Es gibt während der Sitzungen, stärker und begründeter aber in den Jahren danach die Momente des Einverstandenseins mit den getroffenen Entscheidungen. Künstler realisieren größere Ausstellungen, die Reihe von Stipendien setzt sich fort, ohne dass dies der selbstreferentielle Ausdruck des Kunstsystems selbst ist. Die Kunst, deren Anspruch und Gültigkeit sich in der Regel in den Jahren nach dem Studium entwickelt, bedarf einer Förderung genau in diesen Jahren. Natürlich gibt es keine vom Kunstfonds erstellte Gesetzmäßigkeit für das Vergabealter. Aber oftmals wirkt das Stipendium in dem Zwischenbereich von Akademie und der Erprobung im Markt am besten. Und was sehen wir dann: Die Arbeiten haben sich verändert, bestätigen darin das, was wir in der Entscheidung gesehen haben; in den oft zufälligen sich ereignenden Gesprächen von Jurymitgliedern bei anderen Gelegenheiten erscheint uns das auf einmal als das von ‚uns’ Geförderte. Und oft ist es exakt der richtige Moment, in dem ein Stipendium die Dauer ermöglicht, das Durchhalten bestärkt, in dem das erfolgreiche Überleben im Markt, der für Viele lange Zeiten der Latenz kennt, herbeigeführt wird. Dies ist die ungeheure Berechtigung des Instruments der Künstlerförderung, das im System des Kunstfonds eine wesentliche Basis hat. Die Erstellung einer Biographie gehört zum selbstverständlichen Teil des Wirkungssystems von Kunst: und niemand kann sich frei davon sprechen, beim Betrachten von Katalogen den mit Ausstellungen und Auszeichnungen bestückten Lebenslauf zu einem Kriterium der Auswahl zu machen. Der Kunstfonds entfaltet mit seiner Vergabe von Stipendien eine nachweisbare subkutane Wirkung im Ausstellungswesen.

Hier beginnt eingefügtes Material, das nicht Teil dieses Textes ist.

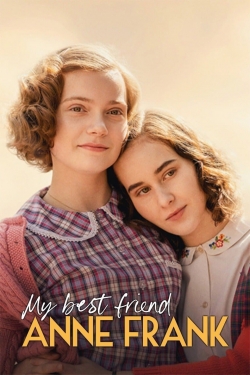 Watch Free My Best Friend Anne Frank Movies Full HD Online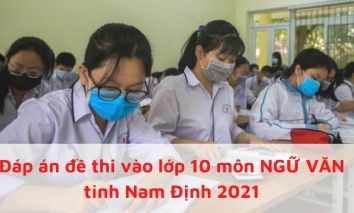 Đáp án đề thi vào lớp 10 môn Ngữ Văn tỉnh Nam Định 2021
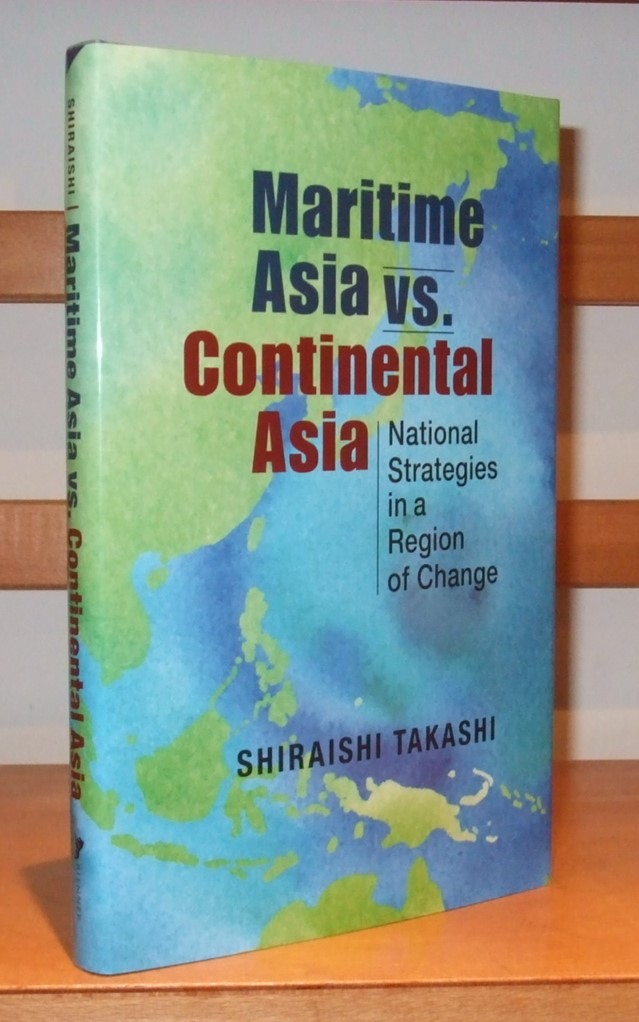 Image for Maritime Asia vs. Continental Asia: National Strategies in a Region of Change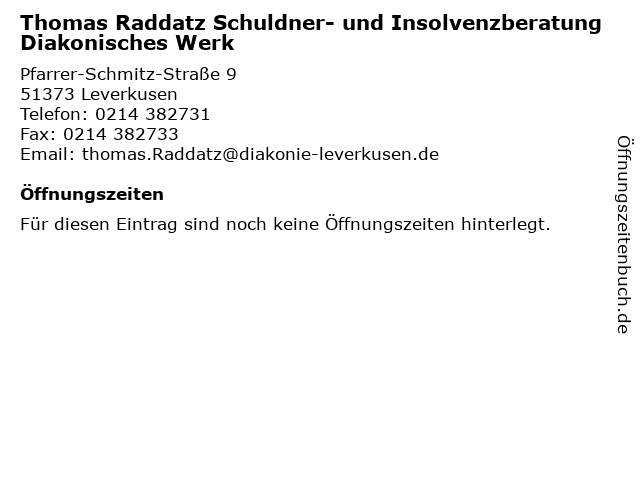 Thomas Raddatz Schuldner- und Insolvenzberatung Diakonisches Werk in Leverkusen: Adresse und Öffnungszeiten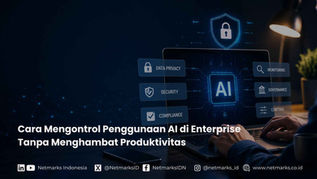 Cara Mengontrol Penggunaan AI di Enterprise Tanpa Menghambat Produktivitas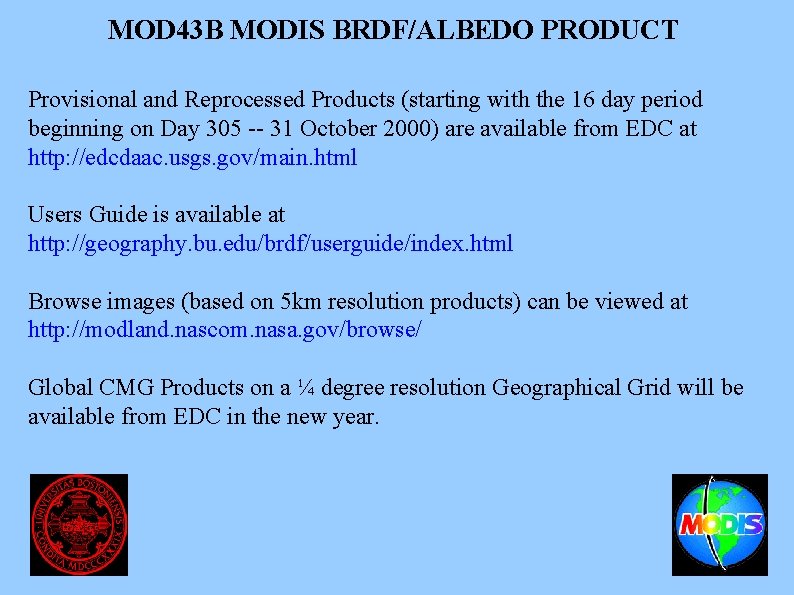 MOD 43 B MODIS BRDF/ALBEDO PRODUCT Provisional and Reprocessed Products (starting with the 16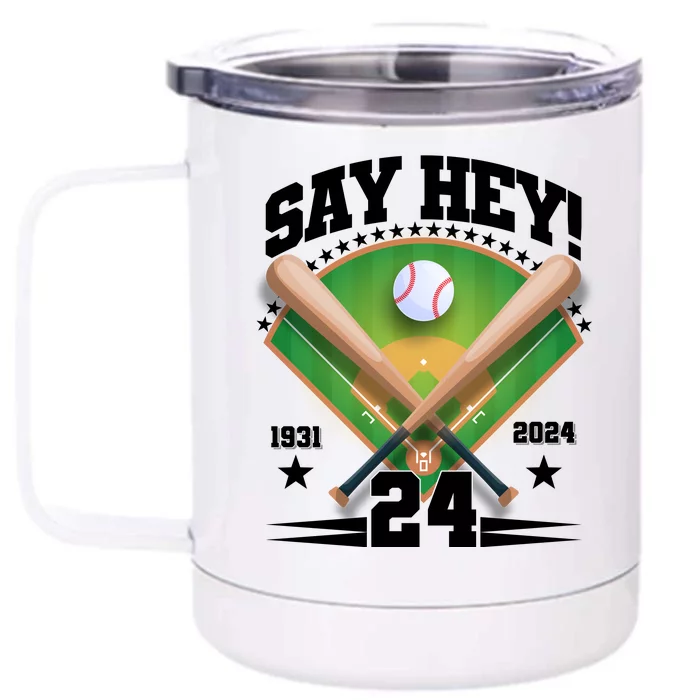 Say Hey Baseball Legend Willie Mays Tribute 1931 2024 Front & Back 12oz Stainless Steel Tumbler Cup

Wir haben gelernt, dass die Förderung der Kunst aus staatlichen Quellen – die unverzichtbar ist und die im strengen Sinn kein Zuviel kennt – in der Regel die Förderung von Künstlern ist. Die Jury selbst ist in der großen Mehrheit aus Künstlern gebildet, neben Vertretern der Kunstvereine gibt es zwei Galeristen, die dabei sind. Manchmal schimmert ein alter, mir nie einleuchtender Gegensatz herauf, wenn auf den eingereichten Unterlagen deutlich der Name der den Künstler vertretenden Galerie erscheint und fast folgerichtig die Position der Galerie ins Zentrum der Überlegungen rückt. Das ist nicht falsch, wenn es auch oft mit den falschen Konsequenzen verbunden ist. Der Blick des Markts, der wie selbstverständlich mit der Position des Galeristen verbunden wird, kann von dem Entstehen von Kunst, dem wir im Moment der Jury mit Nutzen und Staunen und wunderbaren Lernen beiwohnen, nicht mit Recht getrennt werden. Die Großartigkeit der Kunstfonds-Programme hat ihren Widerpart in der die Kunst zur Anschauung bringenden Figur des Galeristen - und ich ignoriere hier für einen Moment, obwohl es naturgemäß unmöglich ist, die bedeutende Rolle der Museen, Kunsthallen und Kunstvereine – dessen Leistung immer das gestaltete und geformte Künstlerprojekt ist, über dessen Förderung auch im Zusammenhang von Galerien aus meiner Sicht neu nachzudenken ist.